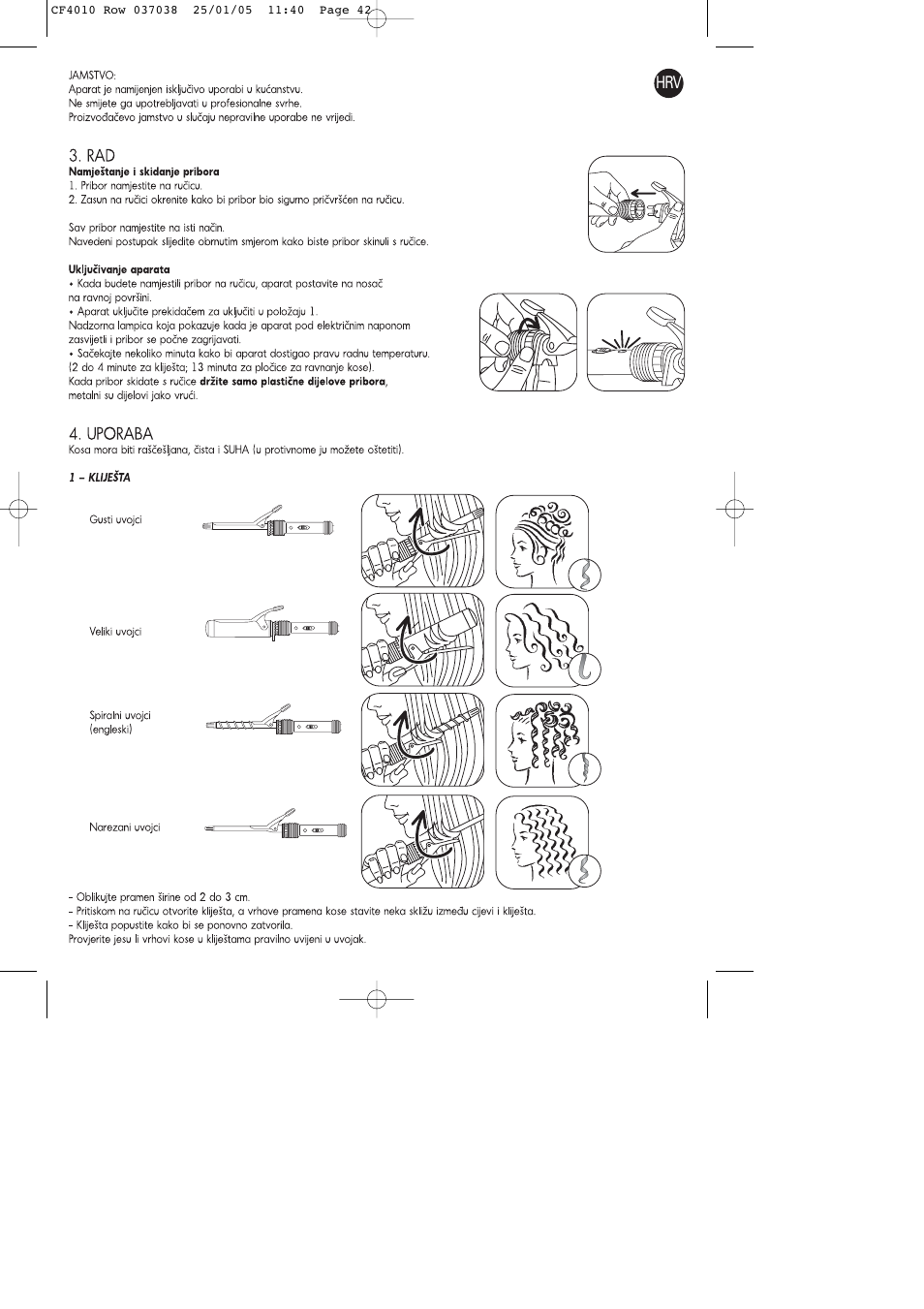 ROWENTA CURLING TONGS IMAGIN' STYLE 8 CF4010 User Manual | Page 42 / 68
...
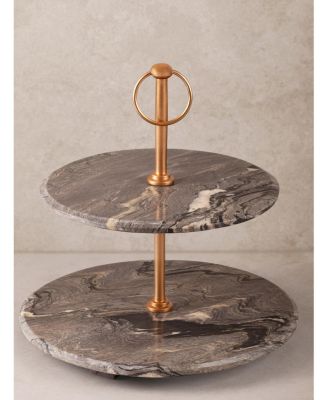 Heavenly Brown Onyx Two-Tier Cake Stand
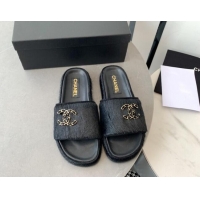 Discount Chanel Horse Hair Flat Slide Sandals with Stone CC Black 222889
==
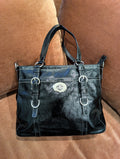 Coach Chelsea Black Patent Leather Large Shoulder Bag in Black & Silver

> **EXERCISE REQUIREMENTS**: Please set down, exactly and with no pictures, the lines in the entries above starting at the one holding "Heavenly Brown Onyx Two-Tier Cake Stand" and ending at the one holding "Discount Chanel Horse", ends included.

> **ANSWER FOR THE TASK**:
 Heavenly Brown Onyx Two-Tier Cake Stand
 Discount Chanel Horse Hair Flat Slide Sandals with Stone CC Black 222889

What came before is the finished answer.